Problem requirements = Return only these lines: the one that contains "As you already" and every line after it through the end of the listing, exactly, without pictures.

------------------------------------------------

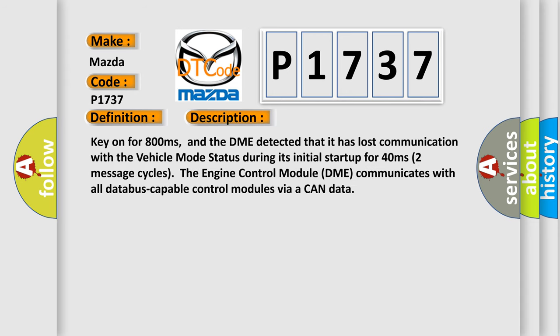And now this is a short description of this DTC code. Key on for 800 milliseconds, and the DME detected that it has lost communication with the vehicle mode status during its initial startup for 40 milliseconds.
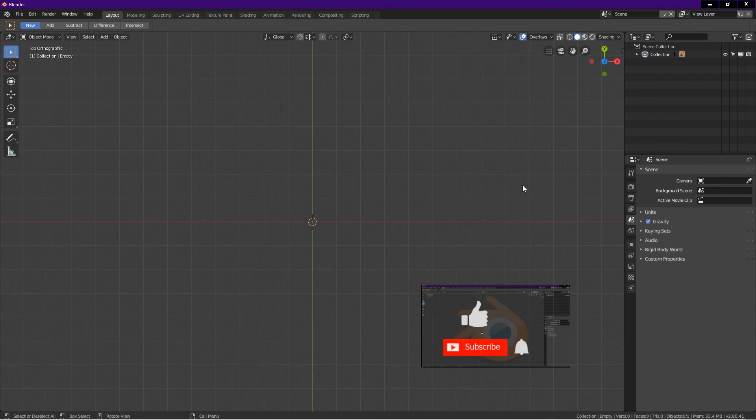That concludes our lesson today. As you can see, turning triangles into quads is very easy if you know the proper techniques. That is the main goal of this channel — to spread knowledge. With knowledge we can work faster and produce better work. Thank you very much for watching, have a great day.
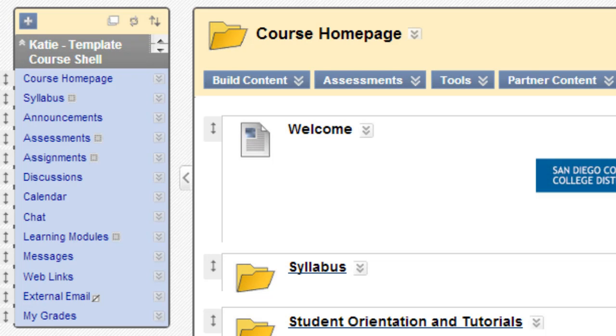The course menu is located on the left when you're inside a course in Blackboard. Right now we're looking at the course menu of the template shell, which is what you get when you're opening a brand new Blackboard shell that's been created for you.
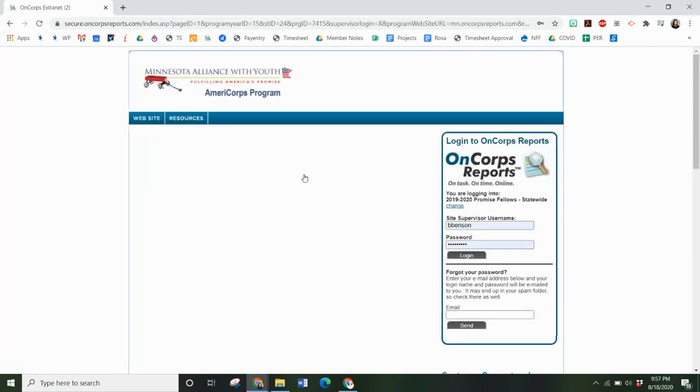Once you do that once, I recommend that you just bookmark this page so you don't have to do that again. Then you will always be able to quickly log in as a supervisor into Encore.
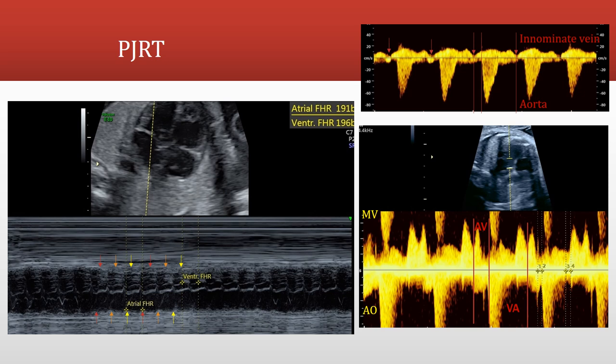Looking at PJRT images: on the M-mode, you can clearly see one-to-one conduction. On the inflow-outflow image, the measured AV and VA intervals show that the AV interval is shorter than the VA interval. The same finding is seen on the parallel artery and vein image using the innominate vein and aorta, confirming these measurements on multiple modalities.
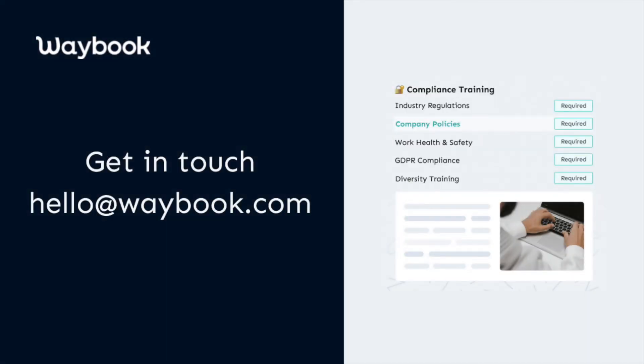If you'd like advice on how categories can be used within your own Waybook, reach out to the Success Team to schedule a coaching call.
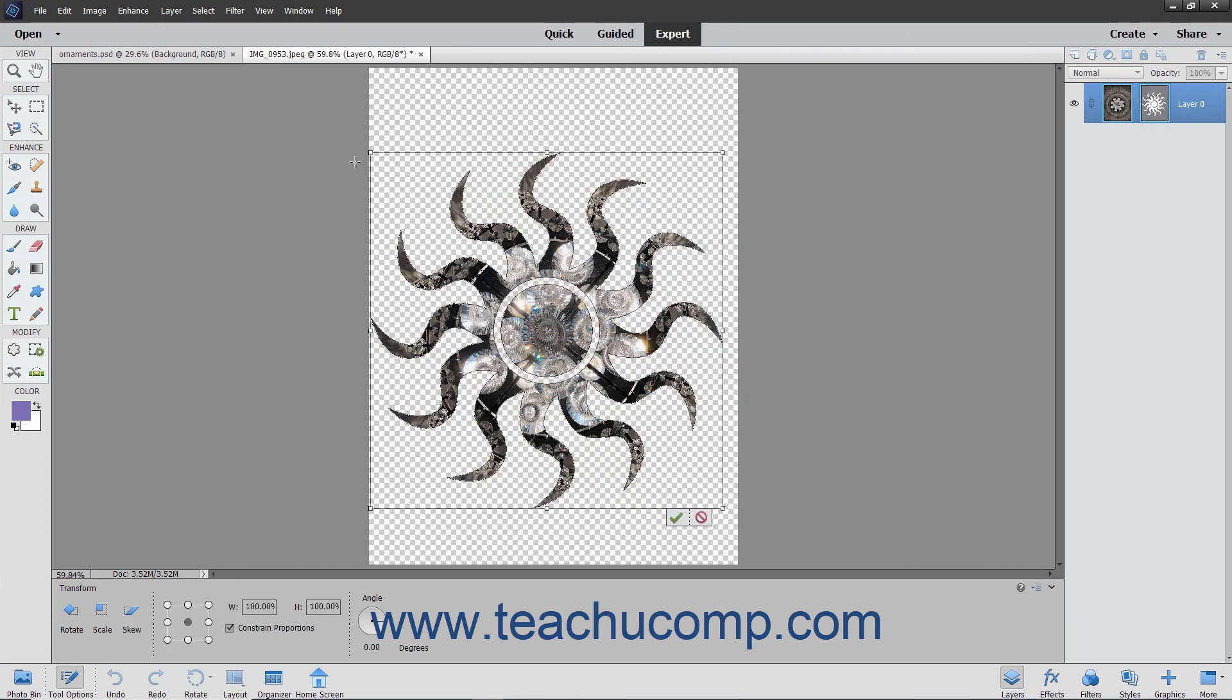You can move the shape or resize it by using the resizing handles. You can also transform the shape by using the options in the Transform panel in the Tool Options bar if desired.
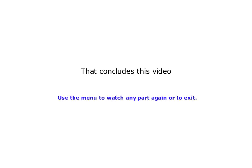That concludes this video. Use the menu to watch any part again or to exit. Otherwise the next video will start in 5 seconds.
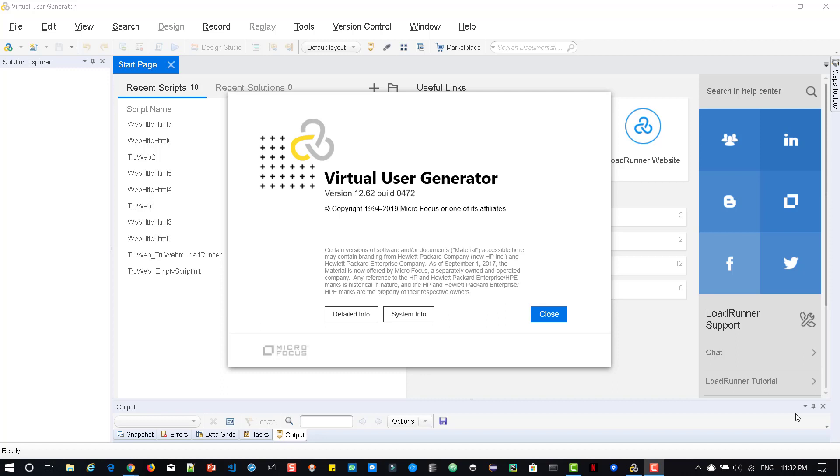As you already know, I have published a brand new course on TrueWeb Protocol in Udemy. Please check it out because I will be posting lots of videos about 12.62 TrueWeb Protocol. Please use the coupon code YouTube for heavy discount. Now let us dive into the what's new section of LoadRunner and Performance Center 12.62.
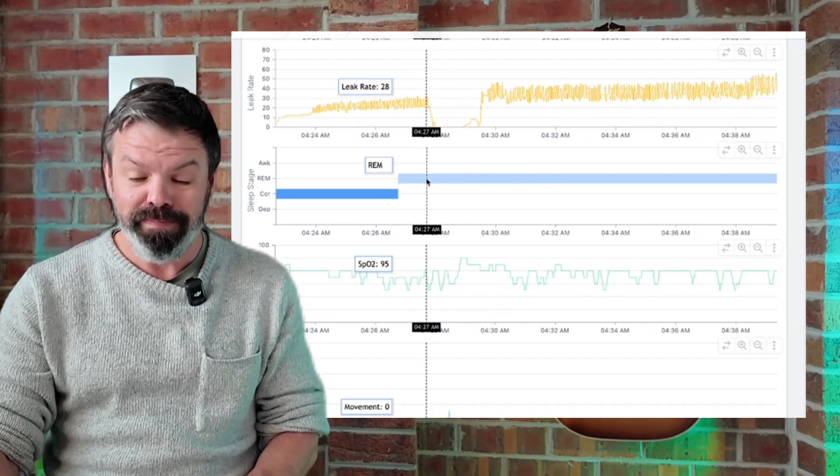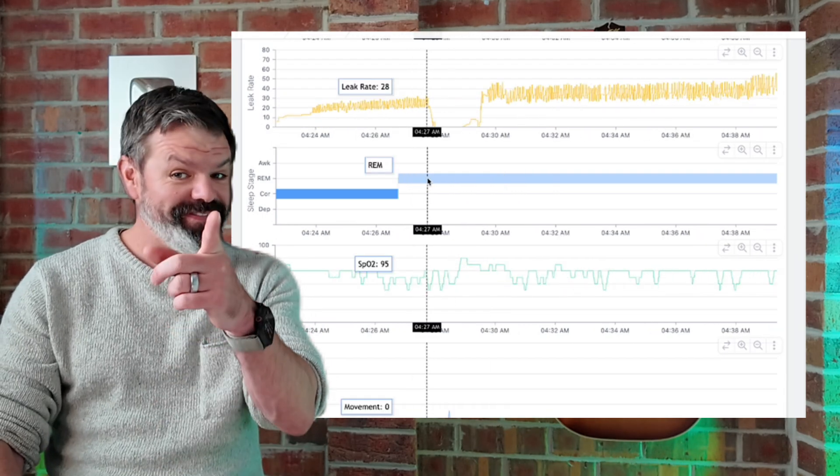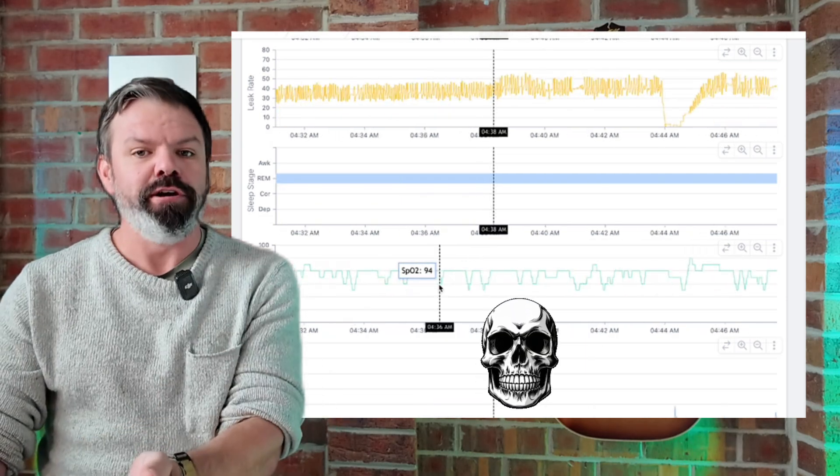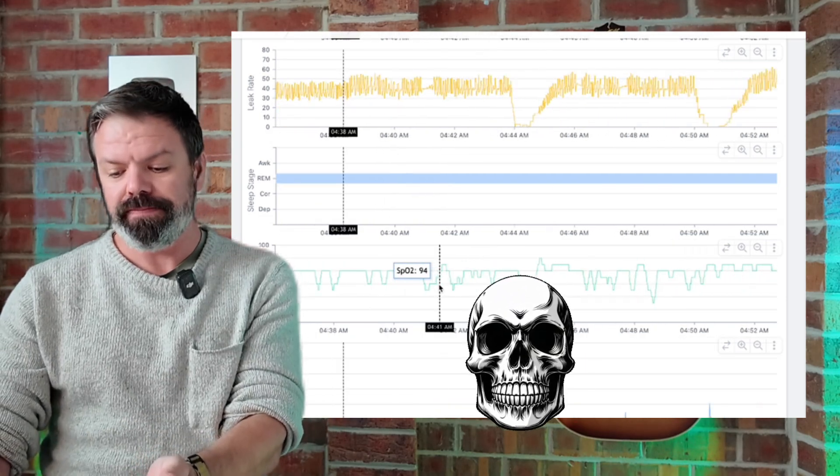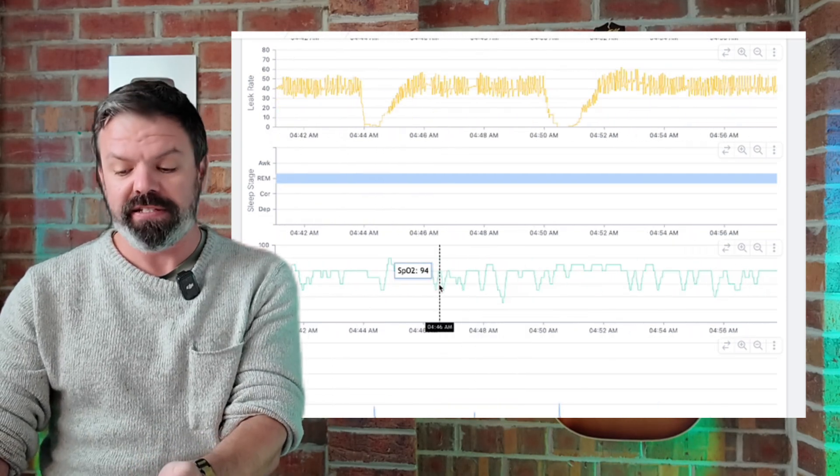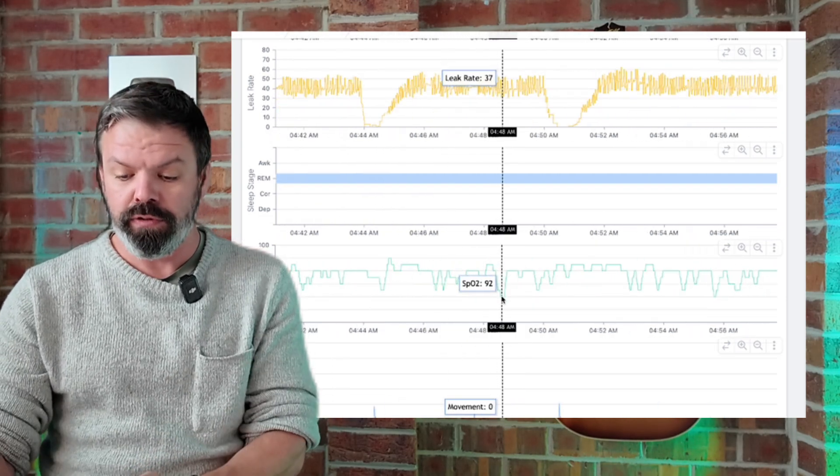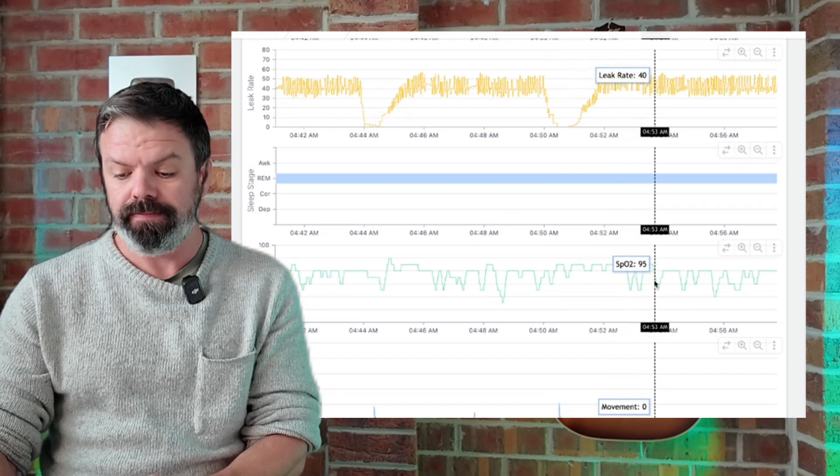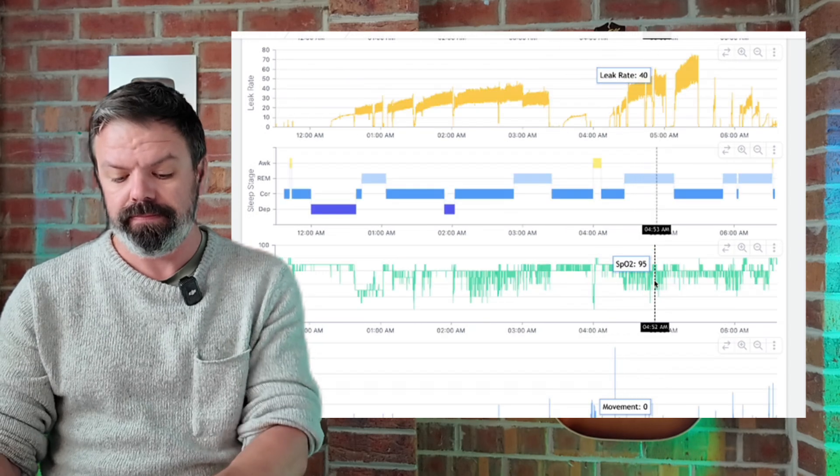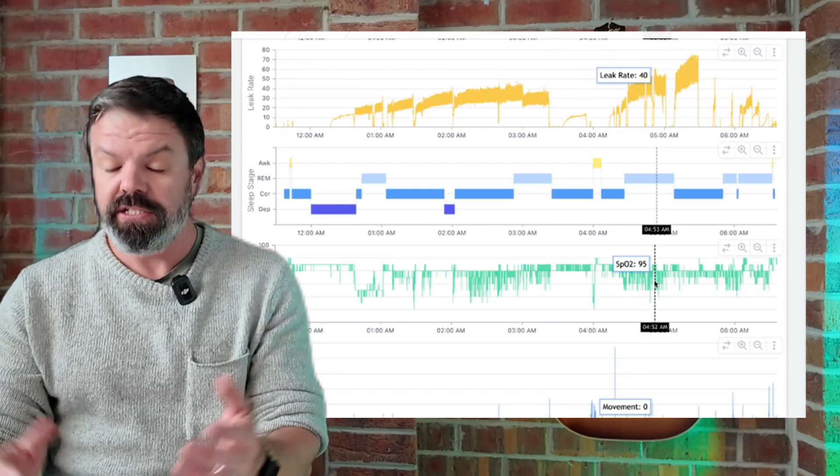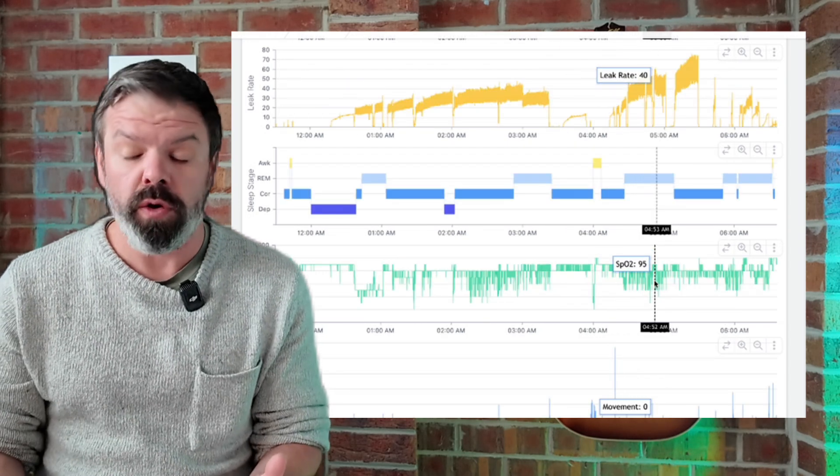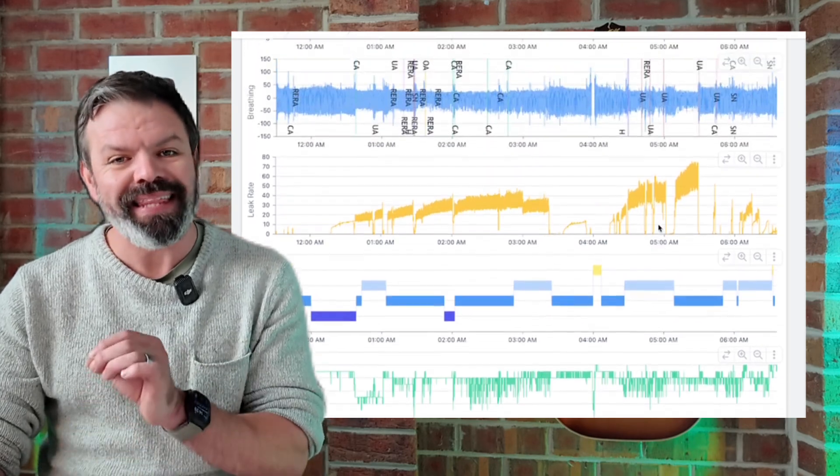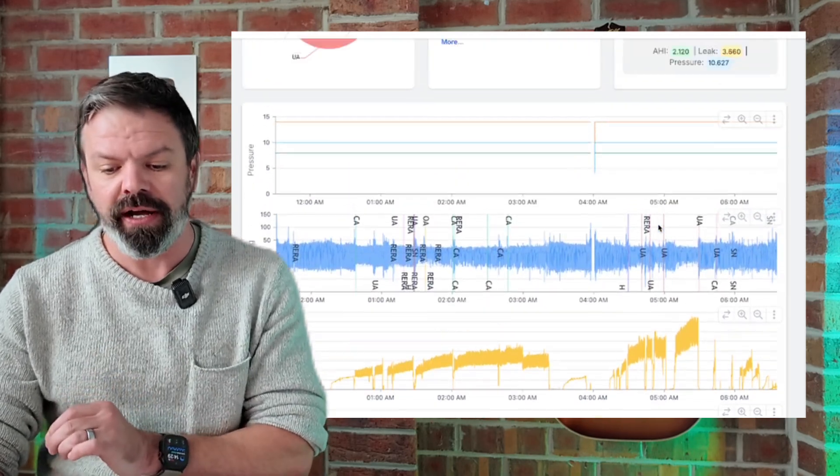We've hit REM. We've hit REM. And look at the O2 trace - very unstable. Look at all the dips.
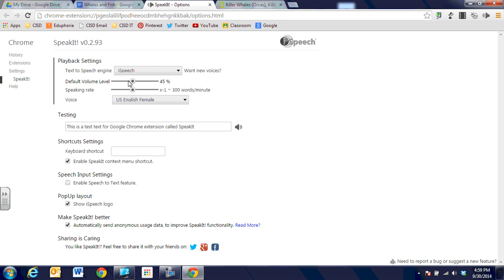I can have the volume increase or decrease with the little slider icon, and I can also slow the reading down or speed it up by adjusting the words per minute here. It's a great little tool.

------------------------------------------------

Your response =
As you already know, I have published a brand new course on TrueWeb Protocol in Udemy. Please check it out because I will be posting lots of videos about 12.62 TrueWeb Protocol. Please use the coupon code YouTube for heavy discount. Now let us dive into the what's new section of LoadRunner and Performance Center 12.62.
We've hit REM. We've hit REM. And look at the O2 trace - very unstable. Look at all the dips.
I can have the volume increase or decrease with the little slider icon, and I can also slow the reading down or speed it up by adjusting the words per minute here. It's a great little tool.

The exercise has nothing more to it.